One of my recent routines is to draw the actresses playing the strange and aloof Miss Casewell and the Manor’s co-proprietor, Mollie Ralston after each cast change – in this case, Victoria Lucie and Mollie Roberts respectfully, who now have the distinction of being part of final cast of THE MOUSETRAP’s ‘initial’ run. Victoria is making her West End debut and has just finished a TV pilot for NOIR-MAN. Mollie is the Artistic Director for Poleroid Theatre and is a regular on stage and screen, receiving multiple Off West End Award nominations.

Both signed my sketch prior to the lockdown.

Drawing: Louise Fletcher as Nurse Ratched in One Flew Over the Cuckoo’s Nest

Autographed drawing of Louise Fletcher as Nurse Ratched in One Flew Over the Cuckoo's Nest

Milos Forman’s 1975 film adaption of Ken Kesey’s 1962 novel ONE FLEW OVER THE CUCKOO’S NEST is regarded as one of the greatest American films of all time, and a personal favourite of mine. It won the ‘Big Five Academy Awards’, Best Picture, Best Director, Best Actor, Best Actress and Best Adapted Screenplay.

Set in an Oregon psychiatric hospital, it centres on the rebellious and free-spirited con-man, Randle McMurphy, who is transferred from a prison work farm. Louise Fletcher collected the Oscar for her portrayal of his nemesis, the tyrannical and stereotypical ‘battle-axe’ head nurse Ratched. In her acceptance speech she thanked her deaf parents in sign language.

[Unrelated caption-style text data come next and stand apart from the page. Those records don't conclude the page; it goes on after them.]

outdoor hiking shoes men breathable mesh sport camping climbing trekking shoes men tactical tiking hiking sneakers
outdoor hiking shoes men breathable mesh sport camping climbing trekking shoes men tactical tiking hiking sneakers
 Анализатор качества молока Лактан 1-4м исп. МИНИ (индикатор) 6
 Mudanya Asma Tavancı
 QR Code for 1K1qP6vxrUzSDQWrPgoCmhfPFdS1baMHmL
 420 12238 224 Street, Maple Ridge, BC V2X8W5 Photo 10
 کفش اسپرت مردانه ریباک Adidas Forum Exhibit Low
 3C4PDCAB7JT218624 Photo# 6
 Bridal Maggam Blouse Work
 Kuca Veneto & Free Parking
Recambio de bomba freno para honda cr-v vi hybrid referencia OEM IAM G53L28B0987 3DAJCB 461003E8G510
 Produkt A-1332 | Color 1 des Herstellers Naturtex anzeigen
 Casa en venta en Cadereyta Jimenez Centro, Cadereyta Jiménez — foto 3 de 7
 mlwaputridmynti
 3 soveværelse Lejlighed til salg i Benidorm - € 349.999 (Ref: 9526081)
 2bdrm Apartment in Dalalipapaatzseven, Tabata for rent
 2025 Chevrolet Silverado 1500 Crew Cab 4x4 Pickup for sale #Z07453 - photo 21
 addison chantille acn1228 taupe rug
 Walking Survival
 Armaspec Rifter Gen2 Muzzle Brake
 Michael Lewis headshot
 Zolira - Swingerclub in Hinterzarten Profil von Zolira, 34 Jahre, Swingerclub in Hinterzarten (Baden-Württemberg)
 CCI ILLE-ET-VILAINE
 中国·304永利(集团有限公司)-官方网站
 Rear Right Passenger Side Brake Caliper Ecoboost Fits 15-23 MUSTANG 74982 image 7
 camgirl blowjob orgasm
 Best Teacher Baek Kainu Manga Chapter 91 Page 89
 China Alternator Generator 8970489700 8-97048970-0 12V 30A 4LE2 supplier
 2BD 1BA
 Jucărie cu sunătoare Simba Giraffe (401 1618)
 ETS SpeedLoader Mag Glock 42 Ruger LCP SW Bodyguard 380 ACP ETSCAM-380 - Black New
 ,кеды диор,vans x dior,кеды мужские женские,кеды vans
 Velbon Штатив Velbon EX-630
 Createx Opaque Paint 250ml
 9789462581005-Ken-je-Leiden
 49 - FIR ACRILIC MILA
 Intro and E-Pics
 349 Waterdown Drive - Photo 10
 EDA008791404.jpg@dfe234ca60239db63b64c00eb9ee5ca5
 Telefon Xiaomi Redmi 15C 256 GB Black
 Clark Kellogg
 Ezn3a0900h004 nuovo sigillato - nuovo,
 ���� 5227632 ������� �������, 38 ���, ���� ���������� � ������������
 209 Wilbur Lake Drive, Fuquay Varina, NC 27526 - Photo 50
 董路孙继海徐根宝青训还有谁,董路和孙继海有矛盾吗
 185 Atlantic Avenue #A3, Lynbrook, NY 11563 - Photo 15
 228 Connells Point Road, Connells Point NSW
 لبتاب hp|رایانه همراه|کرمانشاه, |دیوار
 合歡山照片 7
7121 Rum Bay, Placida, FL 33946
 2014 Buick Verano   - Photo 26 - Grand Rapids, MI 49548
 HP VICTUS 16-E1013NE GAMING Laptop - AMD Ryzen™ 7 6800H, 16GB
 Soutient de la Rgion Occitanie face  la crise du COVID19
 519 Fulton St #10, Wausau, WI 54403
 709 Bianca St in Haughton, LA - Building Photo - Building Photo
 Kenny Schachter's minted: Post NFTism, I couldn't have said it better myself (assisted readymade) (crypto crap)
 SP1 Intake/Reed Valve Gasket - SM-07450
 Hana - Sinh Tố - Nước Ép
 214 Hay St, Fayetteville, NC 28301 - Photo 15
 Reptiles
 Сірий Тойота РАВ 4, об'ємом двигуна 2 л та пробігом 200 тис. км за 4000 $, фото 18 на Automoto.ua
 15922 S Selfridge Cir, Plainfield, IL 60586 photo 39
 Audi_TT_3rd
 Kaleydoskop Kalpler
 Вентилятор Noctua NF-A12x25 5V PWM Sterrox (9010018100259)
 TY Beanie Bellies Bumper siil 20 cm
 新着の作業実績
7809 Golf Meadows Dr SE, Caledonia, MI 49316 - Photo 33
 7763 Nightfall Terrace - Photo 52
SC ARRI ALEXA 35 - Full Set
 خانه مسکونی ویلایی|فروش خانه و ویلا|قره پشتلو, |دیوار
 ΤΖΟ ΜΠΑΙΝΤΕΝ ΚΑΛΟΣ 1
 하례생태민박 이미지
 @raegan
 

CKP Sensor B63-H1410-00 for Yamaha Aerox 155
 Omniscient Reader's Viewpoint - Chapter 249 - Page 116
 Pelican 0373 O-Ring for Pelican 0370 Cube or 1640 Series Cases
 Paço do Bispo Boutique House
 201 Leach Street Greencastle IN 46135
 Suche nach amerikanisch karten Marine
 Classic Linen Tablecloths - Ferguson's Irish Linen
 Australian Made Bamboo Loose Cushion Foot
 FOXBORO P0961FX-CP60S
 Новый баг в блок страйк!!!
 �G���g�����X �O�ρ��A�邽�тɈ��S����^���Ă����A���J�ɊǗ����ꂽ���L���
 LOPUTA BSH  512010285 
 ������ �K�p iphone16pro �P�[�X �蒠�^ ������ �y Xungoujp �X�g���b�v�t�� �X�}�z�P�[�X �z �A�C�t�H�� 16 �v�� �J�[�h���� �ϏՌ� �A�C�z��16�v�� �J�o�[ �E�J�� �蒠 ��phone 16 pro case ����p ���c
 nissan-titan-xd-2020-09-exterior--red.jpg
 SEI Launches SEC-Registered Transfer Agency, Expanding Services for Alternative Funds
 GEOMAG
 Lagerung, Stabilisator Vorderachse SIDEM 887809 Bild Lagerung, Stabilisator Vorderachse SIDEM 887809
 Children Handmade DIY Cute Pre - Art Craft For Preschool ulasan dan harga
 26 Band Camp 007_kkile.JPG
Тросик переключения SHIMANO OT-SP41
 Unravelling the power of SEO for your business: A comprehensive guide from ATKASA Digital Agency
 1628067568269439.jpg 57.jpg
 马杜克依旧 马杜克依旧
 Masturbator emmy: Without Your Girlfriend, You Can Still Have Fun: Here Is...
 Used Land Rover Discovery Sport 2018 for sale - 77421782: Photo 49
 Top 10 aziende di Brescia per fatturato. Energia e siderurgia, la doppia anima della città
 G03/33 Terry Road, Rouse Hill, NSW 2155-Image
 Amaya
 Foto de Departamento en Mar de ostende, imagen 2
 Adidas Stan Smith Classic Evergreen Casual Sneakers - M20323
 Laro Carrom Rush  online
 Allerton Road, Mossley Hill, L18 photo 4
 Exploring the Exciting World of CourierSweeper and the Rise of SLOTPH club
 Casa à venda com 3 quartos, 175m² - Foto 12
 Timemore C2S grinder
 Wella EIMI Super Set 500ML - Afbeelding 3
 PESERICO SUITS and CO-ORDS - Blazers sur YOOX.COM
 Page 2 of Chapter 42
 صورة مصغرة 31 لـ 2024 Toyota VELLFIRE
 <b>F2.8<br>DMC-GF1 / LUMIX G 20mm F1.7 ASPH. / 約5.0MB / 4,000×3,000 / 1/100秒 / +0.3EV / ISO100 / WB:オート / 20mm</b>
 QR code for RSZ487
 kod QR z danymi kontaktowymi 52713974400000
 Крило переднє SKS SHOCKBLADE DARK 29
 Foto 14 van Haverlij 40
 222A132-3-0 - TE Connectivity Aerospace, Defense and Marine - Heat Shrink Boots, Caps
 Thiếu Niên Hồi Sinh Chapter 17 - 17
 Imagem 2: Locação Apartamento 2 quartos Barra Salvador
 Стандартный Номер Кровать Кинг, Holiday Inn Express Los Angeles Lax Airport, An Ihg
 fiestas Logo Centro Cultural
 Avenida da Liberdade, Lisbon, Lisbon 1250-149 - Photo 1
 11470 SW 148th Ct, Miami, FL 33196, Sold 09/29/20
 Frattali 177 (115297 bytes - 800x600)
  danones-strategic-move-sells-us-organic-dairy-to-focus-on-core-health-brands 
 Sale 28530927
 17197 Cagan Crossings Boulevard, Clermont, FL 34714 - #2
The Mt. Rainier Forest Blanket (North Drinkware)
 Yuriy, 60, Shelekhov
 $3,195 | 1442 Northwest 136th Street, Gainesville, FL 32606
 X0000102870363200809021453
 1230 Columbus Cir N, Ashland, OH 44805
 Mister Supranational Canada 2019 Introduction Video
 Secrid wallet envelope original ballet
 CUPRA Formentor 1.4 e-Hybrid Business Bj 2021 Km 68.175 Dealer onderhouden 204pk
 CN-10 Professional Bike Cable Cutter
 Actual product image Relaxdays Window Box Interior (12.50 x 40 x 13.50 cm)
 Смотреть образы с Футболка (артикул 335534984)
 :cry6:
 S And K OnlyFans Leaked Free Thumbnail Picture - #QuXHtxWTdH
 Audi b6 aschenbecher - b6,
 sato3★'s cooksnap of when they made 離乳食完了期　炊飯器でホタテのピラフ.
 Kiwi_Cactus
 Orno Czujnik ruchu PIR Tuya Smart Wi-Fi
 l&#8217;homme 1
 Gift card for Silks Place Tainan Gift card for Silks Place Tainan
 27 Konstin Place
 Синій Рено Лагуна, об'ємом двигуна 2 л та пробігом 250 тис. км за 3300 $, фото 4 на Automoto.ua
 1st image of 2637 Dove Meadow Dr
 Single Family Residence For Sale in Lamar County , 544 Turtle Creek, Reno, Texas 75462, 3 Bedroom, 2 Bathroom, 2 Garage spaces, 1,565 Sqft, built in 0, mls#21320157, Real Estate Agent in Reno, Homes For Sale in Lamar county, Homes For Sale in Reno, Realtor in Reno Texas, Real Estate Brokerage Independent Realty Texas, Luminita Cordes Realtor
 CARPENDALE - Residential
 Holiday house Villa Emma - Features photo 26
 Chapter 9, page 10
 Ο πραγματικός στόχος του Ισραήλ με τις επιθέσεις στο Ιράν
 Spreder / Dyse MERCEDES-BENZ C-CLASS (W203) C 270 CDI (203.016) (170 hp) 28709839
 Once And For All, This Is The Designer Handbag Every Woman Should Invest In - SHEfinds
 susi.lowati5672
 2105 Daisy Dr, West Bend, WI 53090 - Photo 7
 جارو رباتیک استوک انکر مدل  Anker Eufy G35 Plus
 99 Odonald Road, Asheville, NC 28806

Nurse Ratched was named as the fifth greatest villain in film history and the second greatest villainess behind the Wicked Witch of the West in THE WIZARD OF OZ by the American Film Institute. In an interview Louise said that Ratched’s 1940’s hairstyle was “a symbol that life stopped for her a long time ago.” Louise also won the BAFTA and a Golden Globe Award.

I sent Louise this sketch to her Los Angeles agency, which she kindly signed and posted back last week.